まずはこの原型のロウを手作業で作るか、機械で作るか。方法はいくつかあります。
①手作業で、ワックスと呼んでいる蝋の塊を切る・削る・彫る・溶かす・盛る。そういう作業を繰り返し、理想の形まで仕上げます。それを原型とし、シルバー(1点しか作らない場合は金・プラチナにも)に鋳造します。
②手作業で、「みつろう」と呼ばれる松脂と蜜蝋を混ぜたもので形を作り、それを原型として①と同じように鋳造する(日本古来の鋳造方法です。扱いがちょっと難しい。)
③CADで、データー入力により形を作り、ワックス切削機を使って蝋の塊を削り出し原型とする。もしくは樹脂造形し、それを原型とする。
鋳造は①と同じ
①~③で鋳造した1個目のシルバーを親型とし、ゴムで型どりすると子型。そのワックスをたくさん用意して鋳造することで、同じものがたくさん出来る量産方法となります。
(教室にゴム型はありますので、見たい方はお尋ねください。)
親型をゴムで型取ると、子型は縮んでやや小さくなります。
鋳造する金属によっても、収縮が起きますので、完成を予想して原型は作られます。
一点限りの場合は収縮はさほど気にしませんが、量産する場合は最終的なボリューム、コストやデザインへの影響を考えて用意します。

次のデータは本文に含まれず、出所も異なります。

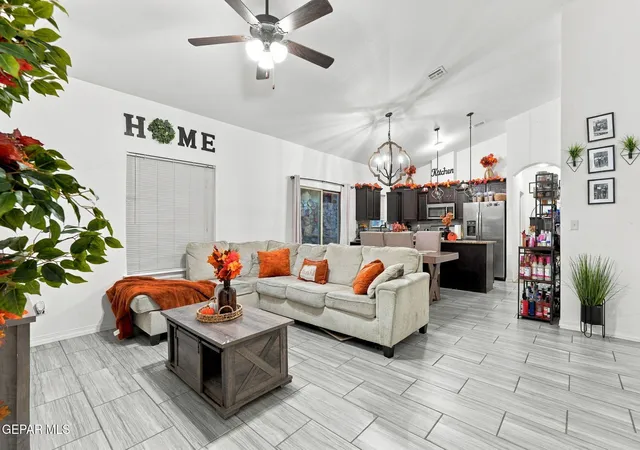 Photo 3 of Single family home for sale at 13321 Tuggle Rd, Horizon City, TX 79928 | MLS# 951603 | Listing updated on 2026-10-28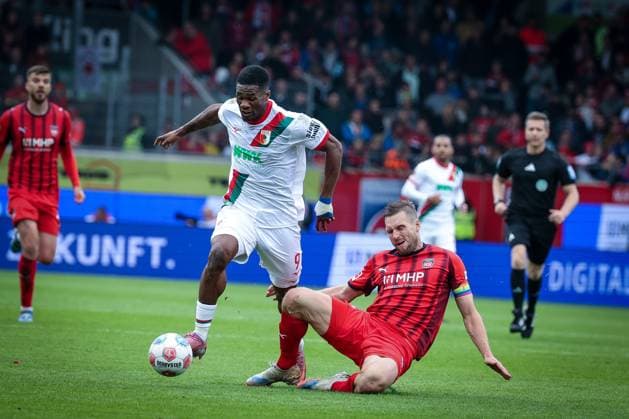 Samuel Essende 9 (FC Augsburg) im Duell mit Patrick Mainka 6 (1FC Heidenheim 1846), 1. FC Heidenheim 1846 vs. FC Augsburg, DFL, Bundesliga, Saison 2025 2026, Voith Arena, Hinrunde, 5. Spieltag, 27.09.2025 DFB regulations prohibit any use of photographs as image sequences and or quasi-video Heidenheim Baden-Wuerttemberg Deutschland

①~③ ワックス原型→シルバー/親→ゴム型→ワックス→貴金属/子→ゴム型→貴金属/孫
右に行くにしたがって縮んで小さくなります。
また、ワックスではなく④シルバー制作の原型でゴム型を取ることも可能です。原型のスタートがワックスである必要はありません。
例えば、⑤落ち葉など燃えてなくなる物をダイレクトに鋳造するダイレクトキャスティングという方法もあります。(業者さんは嫌がりますので失敗しても自己責任で。)
鋳造した貴金属(シルバー・金・プラチナ)の鋳造物は、そのまま磨いて仕上げたり、半製品としてさらに加工を加えたり、用途は制作者次第です。利点は、量産が可能ということと、ろう付けが最小限で済むので地金の高品位を保つことが出来ます。
シルバー1点物制作のように、ろう付けでバラバラになる心配も減ります。
ゴム型の製作は、自分で行う方もいらっしゃいますが、概ねその道のプロに任せます。ワックスの流れ、空気の抜け道、素人には判断できません。ゴム切りと呼ばれるその作業は、鋳造技術者の技ですし、込み入ったデザインは特に大切な工程となります。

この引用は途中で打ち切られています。